Discussion in 'other anti-virus software' started by Kees1958, Aug 9, 2009.
Does anybody know if you can run MSE and Norton Internet Security 2010 simultaneously?
Anyone have any comments on this issue? Or is it not an issue?
mpsigstub.exe is mentioned in this KB article. http://support.microsoft.com/kb/953523
This would be a bad idea, you never want to have 2 realtime scanners going on 1 machine at the same time.
I _highly_ doubt it, you would be lucky to run any security software alongside a suite.
I agree, they would not be so loud about this if they didn't think it would affect their bottom line. Someone else here made the point about Norton's main end user revenue being from preinstalls on so many retail machines. So many consumers just go ahead and buy a subscription to norton because they don't know any better and renew when it is time to renew. Perhaps Norton is worried about MSE affecting their little sweet money maker they got going on with these pc manufacturers. All this noise coming from them is really disgusting. It makes their reputation that much worse.
I don't think it is a good idea.There are someone testing this situation.And the result is bad.Two more AVs are installed,their ability will be powerless.When scanning the computer,they will influence another one and just can detect a few viruses.
Running two very similar programs together is asking for conflicts.
Definitely not a good idea. An adventure maybe.
well for some reason, the people over at the Avast forums seem to think runing 2 AV's is no problem at all if thers no "VISIBLE" issues and i thought people who visited a technical forum like that knew better...

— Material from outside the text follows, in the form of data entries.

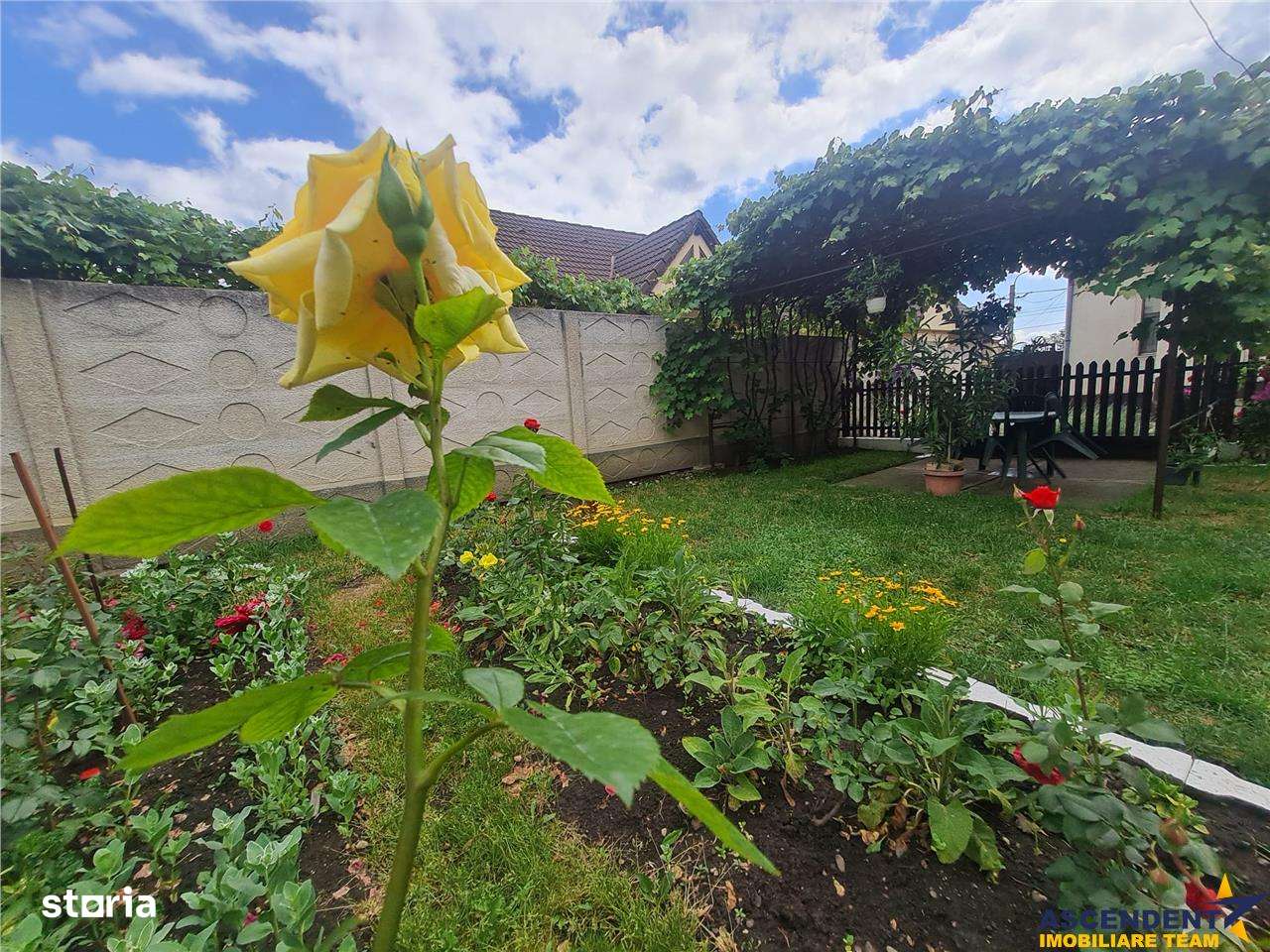 Poveste saseasca la umbra vitei de vie, cu crama si gradina cu flori, - Imagine principală: 1/20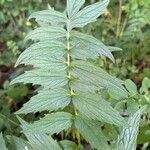 Valeriana officinalisLeaf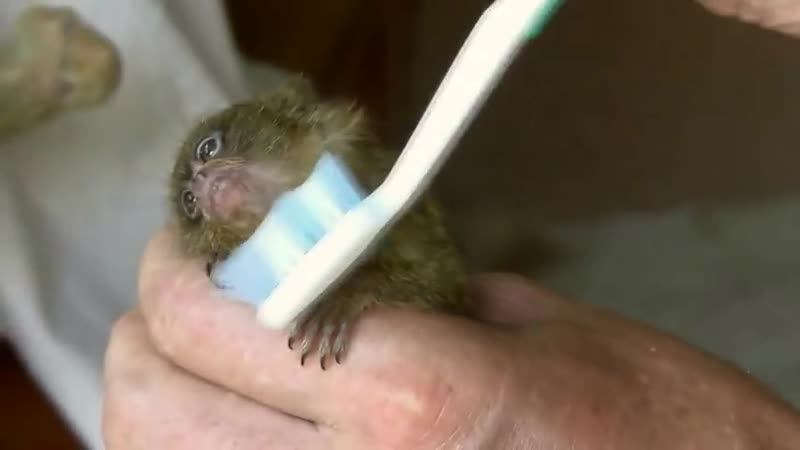 Карликовая игрунка любит, когда ее расчесывают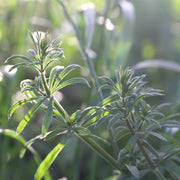 Cleavers tincture (bottled)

I see that. A junior member suggests running the beta with MSE as one of two options for a disgruntled beta tester.
I can pretty safely say you can not run the two together without even trying it. You can only run one resident shield, and one on access shield at the same time. You can only use more than one antivirus if the other antivirus gives you the option of only installing the on-demand scanner module. You can get away with installing two antivirus for a while sometimes if you disable both of the above shields, but you will eventely have problems with system stability. Running two software firewalls at the same time will make your system less secure; not more secure. Don't do it. Firewalls work off of policy based rules, and if you have two different sets of rules trying to accomplish the same thing at the same time then you will run into problems. I don't want to explain the technical details out of pure laziness right now lol
several of the more senior forum members say the exact same and it really just lowers my confidence of the technical knowledge over at that supposed "AV" forum...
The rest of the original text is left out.